Friday, November 28, 2014

Jumbled Words of Thanks

I’m sorry to whoever is about to read this, because it probably will make no sense. This post is
basically one of those that is just a jumbled up mess of what I’m feeling. There really is no structure or one true theme, but it’s one that means something to me. Although the words don’t work together to make a sensible piece of writing, I guess it just felt good to get it off my chest.              
 CAUTION: AGAIN, THIS WON'T MAKE SENSE

Thanksgiving is personally one of my favorite holidays, Christmas being the only exception. The only problem I have with this holiday of thanks is the way we “thank”. “Thankful for these people” and “Blessed for all I have” are common phrases sent out over social media, yet what bugs me is that so many people, and I can’t say everyone, but most people just use that because they need a comment on a post instead of it truly meaning something. For all that we have, we should spend a lot more time thanking God for what He has given us instead of worrying about the likes we got on our Turkey Day post on Instagram. And unfortunately, it’s even something I struggle with.

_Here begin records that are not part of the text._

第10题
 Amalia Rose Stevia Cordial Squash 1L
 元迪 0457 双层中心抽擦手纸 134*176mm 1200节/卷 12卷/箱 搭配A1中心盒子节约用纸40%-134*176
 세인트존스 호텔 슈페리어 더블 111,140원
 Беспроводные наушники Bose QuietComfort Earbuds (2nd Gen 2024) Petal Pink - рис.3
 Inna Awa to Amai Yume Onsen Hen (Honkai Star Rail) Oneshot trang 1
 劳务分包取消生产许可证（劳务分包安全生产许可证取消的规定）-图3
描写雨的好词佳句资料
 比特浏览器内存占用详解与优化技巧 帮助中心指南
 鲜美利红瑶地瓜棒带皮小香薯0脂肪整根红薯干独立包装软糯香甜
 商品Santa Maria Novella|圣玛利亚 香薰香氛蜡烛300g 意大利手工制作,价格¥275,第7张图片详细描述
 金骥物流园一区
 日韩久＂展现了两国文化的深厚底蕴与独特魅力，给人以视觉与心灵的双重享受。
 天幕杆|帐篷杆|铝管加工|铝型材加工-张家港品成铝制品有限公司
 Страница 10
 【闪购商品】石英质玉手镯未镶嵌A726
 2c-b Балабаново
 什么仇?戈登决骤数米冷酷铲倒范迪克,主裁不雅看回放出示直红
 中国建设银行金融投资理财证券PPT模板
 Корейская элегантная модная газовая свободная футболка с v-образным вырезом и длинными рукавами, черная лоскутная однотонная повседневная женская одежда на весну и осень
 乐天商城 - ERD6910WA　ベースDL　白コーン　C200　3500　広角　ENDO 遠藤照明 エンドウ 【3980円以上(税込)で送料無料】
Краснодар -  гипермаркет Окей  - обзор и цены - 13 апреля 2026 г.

Yesterday, as I was with family, I guess I was just so consumed with a great attitude and enjoying the time with them (which isn't bad) that I didn't really thank God for all I had. There are so many things I am thankful for (family, friends, a good church, a bed, purified water, food in the fridge, a God who’s grace overwhelms me, an intervening Holy Spirit, parents who love each other and don’t fight, good health, and much more) and none of them crossed my mind yesterday.  This brought a terrible feeling in me today, and it’s one I can’t describe, but I know it’s guilt.

With all that God gives me, I can’t even open my bible every day because I “have better things to do.” The crappy feeling that I felt today was so bad, that I had to write this post. I was planning on writing a cliché thanksgiving one about all I was thankful for, but as I began writing, it didn't feel right. I knew I needed to get all I was feeling off my chest.
                
God has truly blessed me with all I have, and I know I can’t ever pay Him back, but it seems like I’m doing nothing to even show any appreciation. I take so much for granted when kids in our own city would do anything to have their mother back after a long fight of cancer. Why is it so hard for me to show my appreciation for what I've received?

As I’m writing this, there is nothing more I want than to worship God with all I have and show my gratitude. I've been listening to SYC music, and I’m not even singing, but it’s like these prayers are flowing out of me just by listening to the songs. That’s one of the reasons I am so thankful for an intervening Holy Spirit. One minute you can be down in the dumps yet the next can feel like you’re on a mountain. Just within writing this, I have gone from a guilt filled heart to one full of joy and gratitude.

                    There is nothing else I can say but “THANK YOU GOD!!!!!!!!!!!!!!”